| Recorded information |

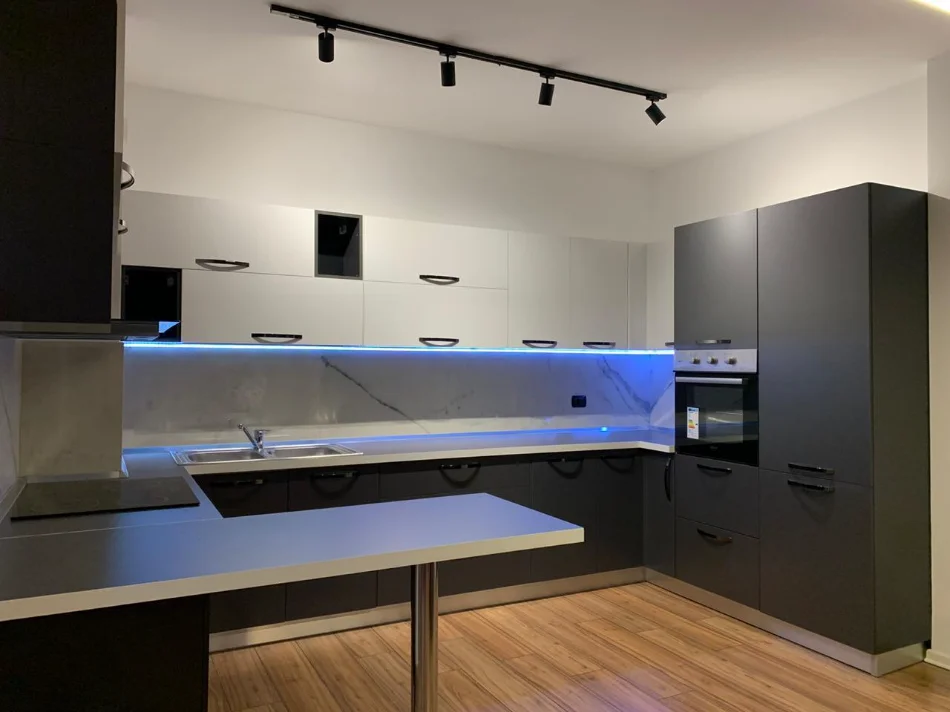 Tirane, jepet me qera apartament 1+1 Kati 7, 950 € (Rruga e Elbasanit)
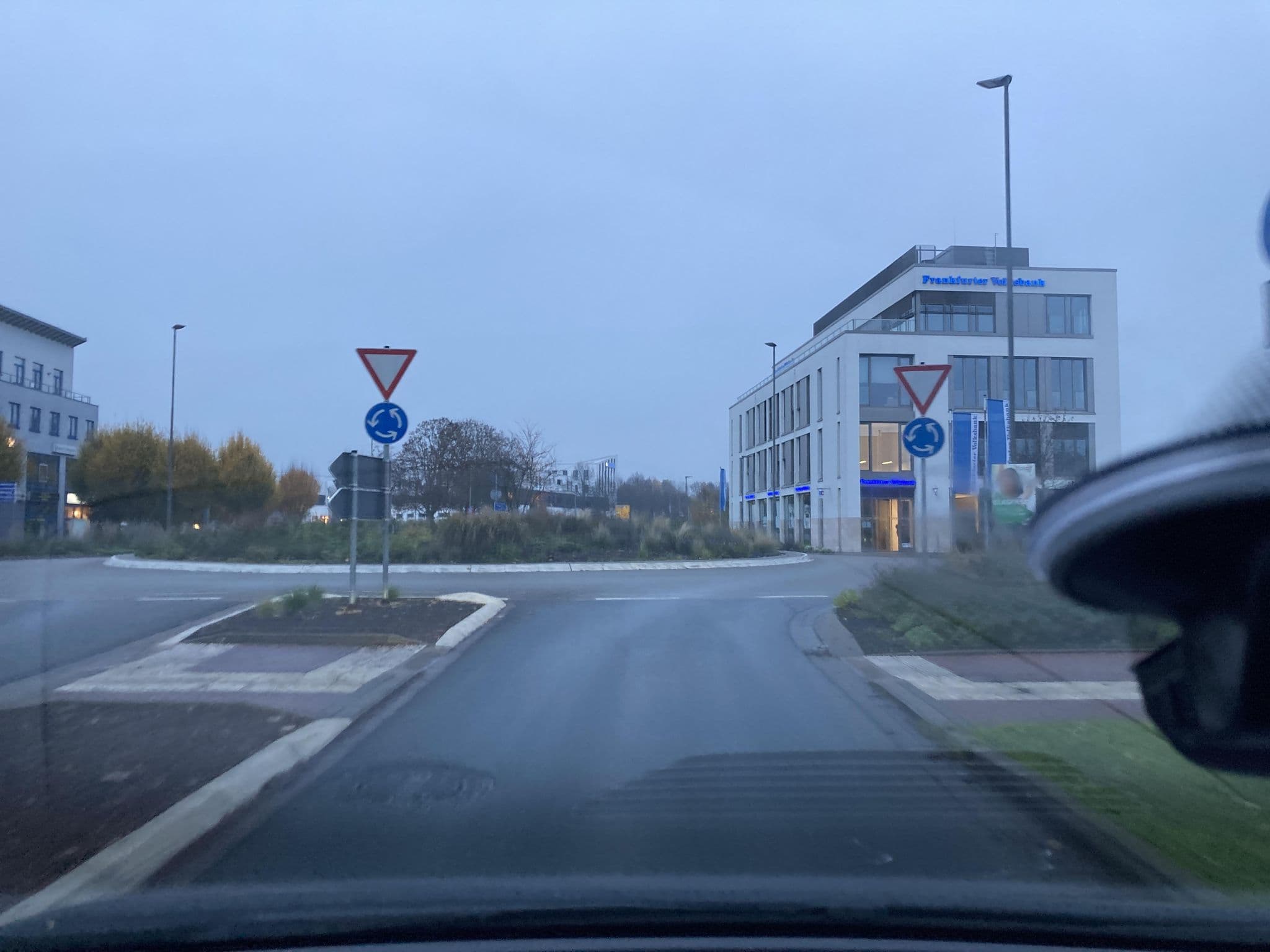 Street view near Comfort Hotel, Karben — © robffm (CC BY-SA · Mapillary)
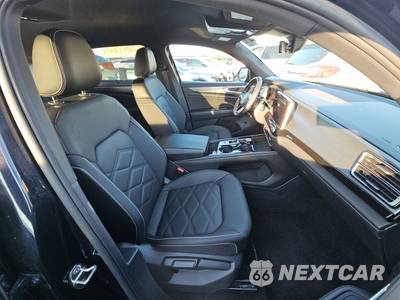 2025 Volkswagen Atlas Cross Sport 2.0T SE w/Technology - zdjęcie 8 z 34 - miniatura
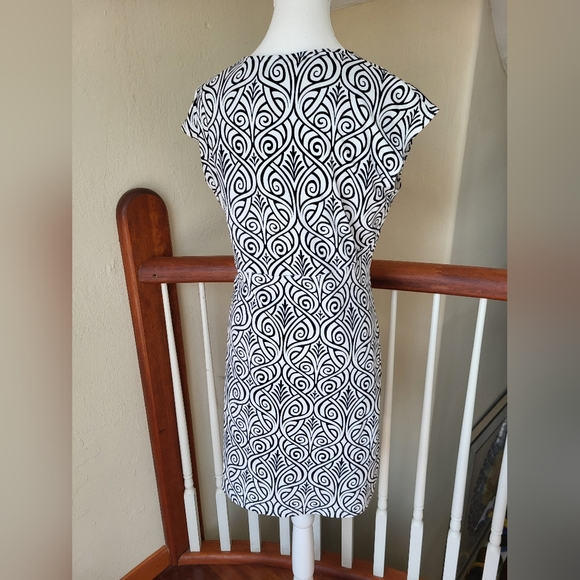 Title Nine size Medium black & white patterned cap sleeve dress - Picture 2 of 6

| Prompt |
I'd like the data above duplicated exactly, with no pictures included.

| Solved exercise |
 Tirane, jepet me qera apartament 1+1 Kati 7, 950 € (Rruga e Elbasanit)
 Street view near Comfort Hotel, Karben — © robffm (CC BY-SA · Mapillary)
 2025 Volkswagen Atlas Cross Sport 2.0T SE w/Technology - zdjęcie 8 z 34 - miniatura
 Title Nine size Medium black & white patterned cap sleeve dress - Picture 2 of 6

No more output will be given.